4.1.5 Radix Glycyrrhizae polysaccharide
Treg cells in the peripheral blood of tumor patients (including HCC) increased significantly and inhibited the function of dendritic cells (DCs) and Teffs through the secretion of IL-10 and transforming growth factor (TGF)-β, thus inhibiting the anti-tumor immune response of the body (101, 102). Increased levels of Treg cells have been detected in the peripheral blood, the primary tumor microenvironment, and the draining lymph nodes of cancer patients (103–105). Therefore, interventions targeting Treg cells have become the new strategy of many therapies for malignant tumors (106, 107). Radix Glycyrrhizae is a commonly used traditional Chinese herbal medicine with a wide range of pharmacological functions throughout Chinese history, and the polysaccharide is a major active compound extracted from it, which is cytotoxic to cancer cells (108, 109). An in vivo experimental study with H22 hepatocarcinoma-bearing BALB/c mice has shown that Radix Glycyrrhizae Polysaccharide could down-regulate the population of Treg cells and decrease the expression of Foxp3 mRNA and IL-10 mRNA in the lymph node. At the same time, Radix Glycyrrhizae Polysaccharide treatment could also influence the level of the Th1/Th2 cytokines in serum by decreasing the level of IL-10 and TGF-β and increasing the level of IL-2 and IL-12p70 (110). It was indicated that the mechanism of Radix Glycyrrhizae Polysaccharide on lowering the proportion of Treg cells may be related to the regulation of the expression of Foxp3 and balance of the secretion of Th1/Th2 cytokines.

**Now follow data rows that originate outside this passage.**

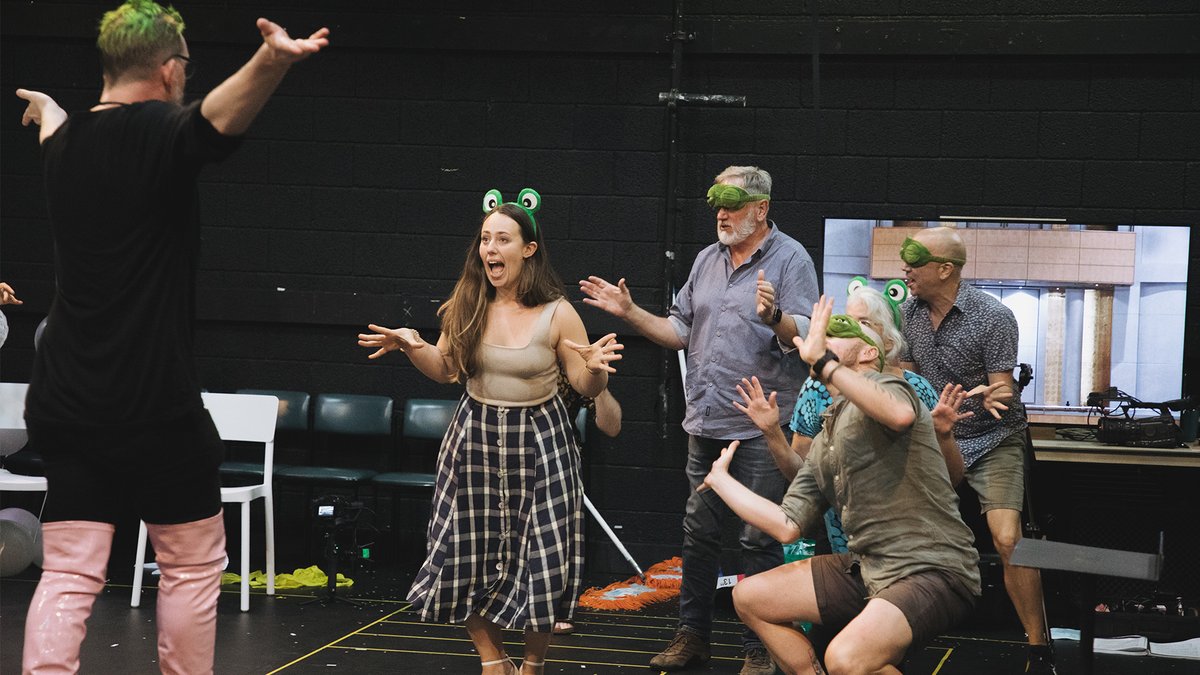 Platée’s froggy chorus (Cantillation) swings into action in these terrific rehearsal photos.

📸 Jasmin Simmons

#pinchgutopera #platee #chorus #singers #frog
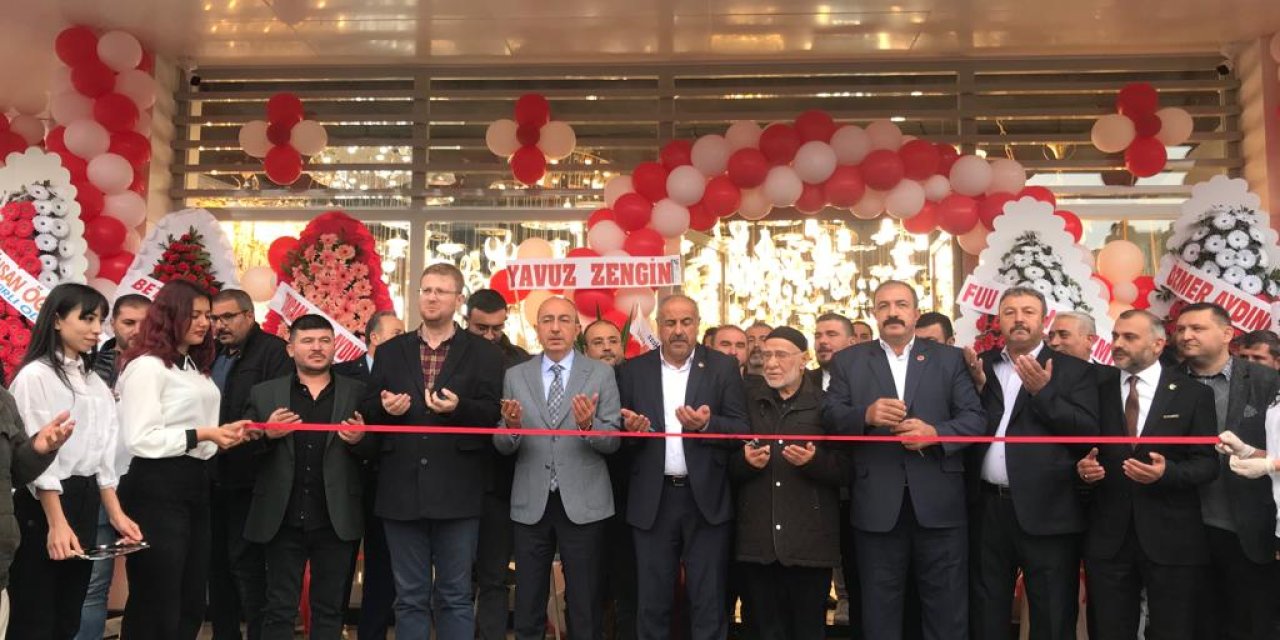 Alışık Avize 3. şubesini açtı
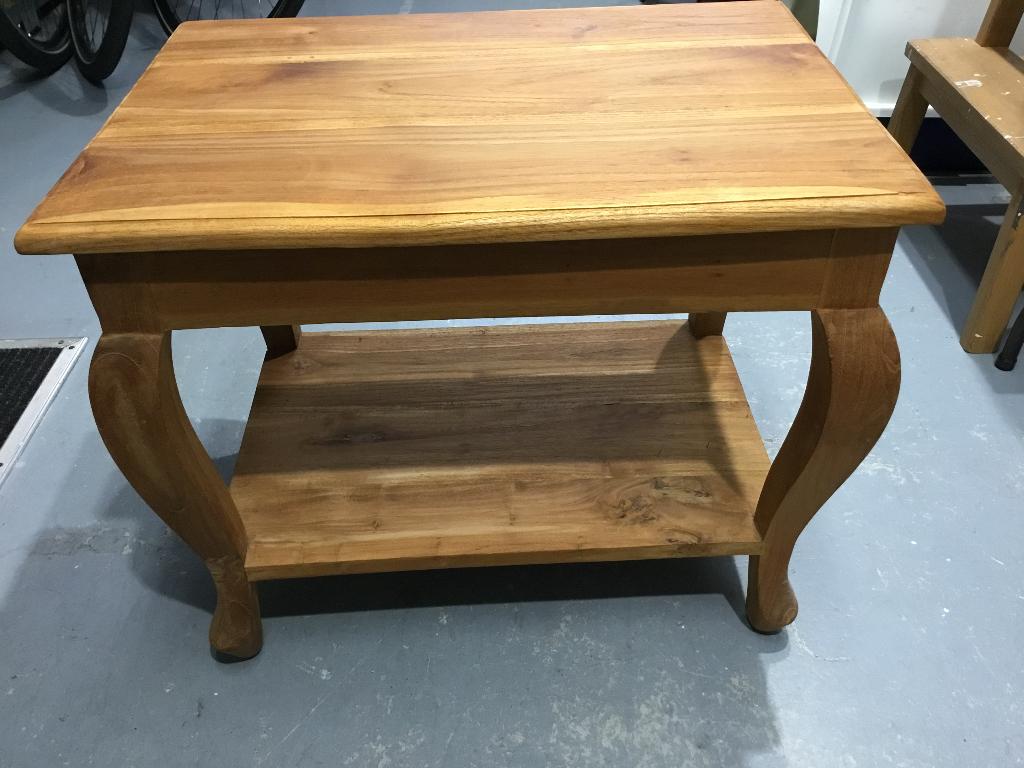 Teak tafeltje, Huis en Inrichting, Tafels | Bijzettafels, Minder dan 55 cm, Zo goed als nieuw, Rechthoekig, Hout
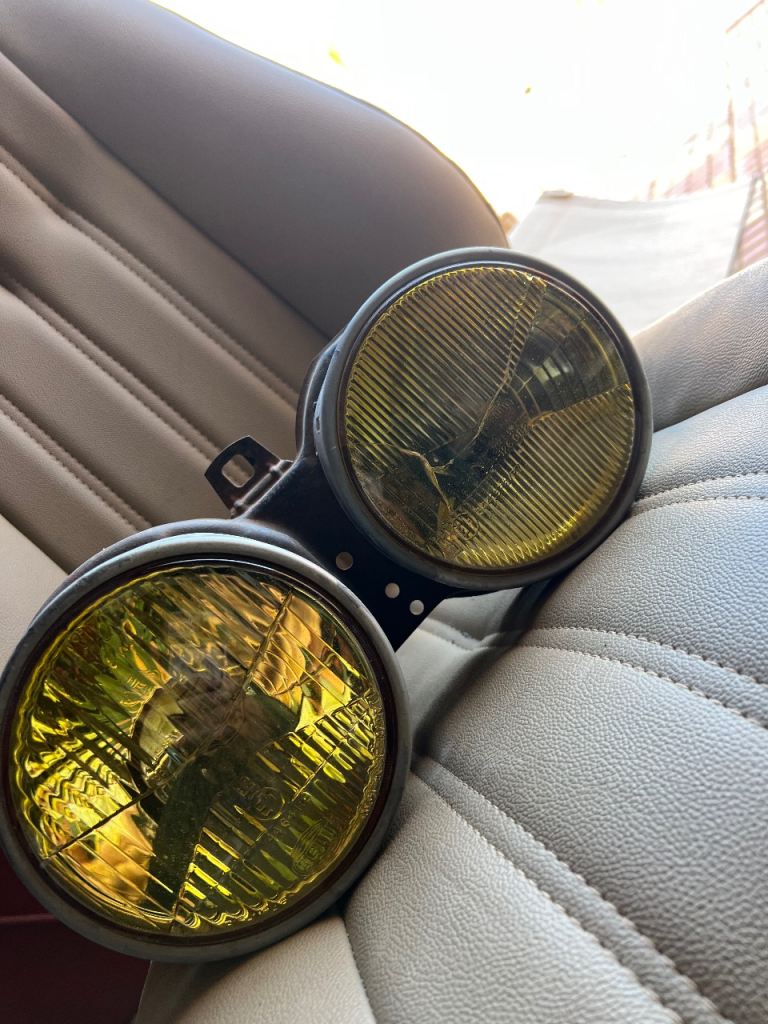 BMW E30 vorfacelift Hella headlights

4.2 Clinical trials on HCC of TCM polysaccharides by modulating immune response
The traditional clinical treatment of HCC is surgery, radiotherapy, and chemoradiotherapy. At present, immunotherapy has become one of the most promising areas in tumor therapy, and regulating the biological function of immune cells has been proven to be a powerful weapon to exert anti-HCC effects, and has been applied more and more in clinical practice (111, 112). As natural active macromolecules with a wide range of sources, TCM polysaccharides can achieve anti-tumor effects by enhancing immune regulation, inhibiting tumor growth, tumor cell invasion and metastasis, and the development of tumor microenvironment (TME). Compared with the traditional anti-tumor treatments, TCM polysaccharides show the advantages and characteristics of multi-pathway and multi-target action. At the same time, according to some clinical observational studies or randomized controlled trials (RCT), it can improve the sensitivity of tumor cells to radiotherapy and chemotherapy, reduce adverse reactions, reduce the risk of tumor resistance and recurrence, and play a positive role in HCC treatment (113). Therefore, the participation of TCM polysaccharides in the adjuvant treatment during or after tumor surgery or chemoradiotherapy has attracted more and more attention from researchers, and many TCM polysaccharides have been used in clinical adjuvant therapy on HCC to enhance clinical efficacy and reduce toxic side effects.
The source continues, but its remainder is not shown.